Working with the health authorities and partners, Doctors Without Borders/Médecins Sans Frontières (MSF) is carrying out a four-week preventive oral cholera vaccination campaign in Juba, to increase the immunity of people at risk of this deadly disease.
JUBA, SOUTH SUDAN, MAY 1, 2018—From June 2016 to February 2018, South Sudan experienced its longest recorded cholera epidemic, with 20,000 suspected cases and 436 deaths reported in the country. While health authorities have declared the end of the most recent epidemic, cholera is endemic in the country and most likely to return.
"The risks of cholera are increased by the inadequacy of water sources and sanitation facilities, which may be exacerbated by the coming rainy season," said Jack Rack Gomer, MSF vaccination manager. "Together with the health authorities and partners, MSF is conducting a preventive vaccination campaign in Juba."
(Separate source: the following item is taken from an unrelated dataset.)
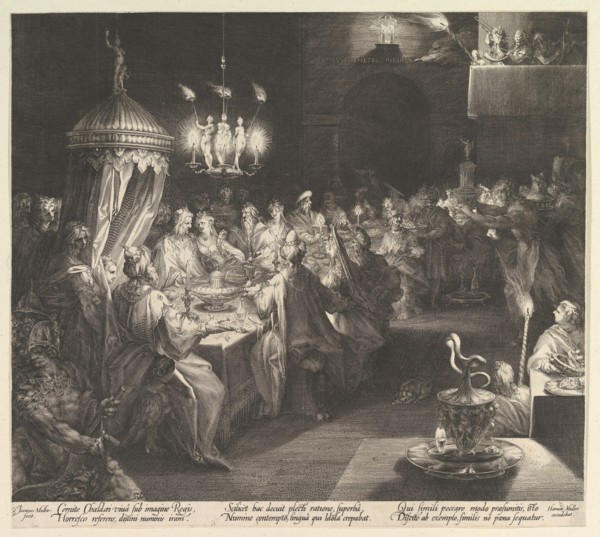 Balthazar's Feast, ca. 1624. Creator: Jan Muller.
The campaign started on April 24 and is running until May 19 in 12 areas of Juba where people were identified most at risk in previous cholera outbreaks. The target population is everyone above the age of 12 months.
Oral cholera vaccine is typically given in two doses, to increase immunity. The current campaign is to administer the second dose, after an earlier round that MSF conducted in September and October 2017, which reached nearly 200,000 people in the same areas.
"A single dose of cholera vaccine provides some immunity for up to one year," said Gomer. "The second dose must be taken within eight months of the first dose to increase the level of protection, and extend immunity to three to five years."
Cholera is spread by contaminated food or water, and preventive measures include improving hygiene, water supplies, and sanitation facilities. Combined with these efforts, vaccination campaigns can help prevent people from becoming infected.
Millions of people around the world continue to be affected by cholera every year, with up to 140,000 deaths per year, according to the World Health Organization.
In recent years in South Sudan, MSF has carried out oral cholera vaccinations campaigns, both to prevent and to contain epidemics, supported water and sanitation activities, and treated thousands of cholera patients in multiple areas of the country.
MSF has worked in South Sudan since 1983, bringing much-needed medical care in many parts of the country where access to healthcare and other humanitarian services remain limited. MSF currently operates 16 projects throughout South Sudan.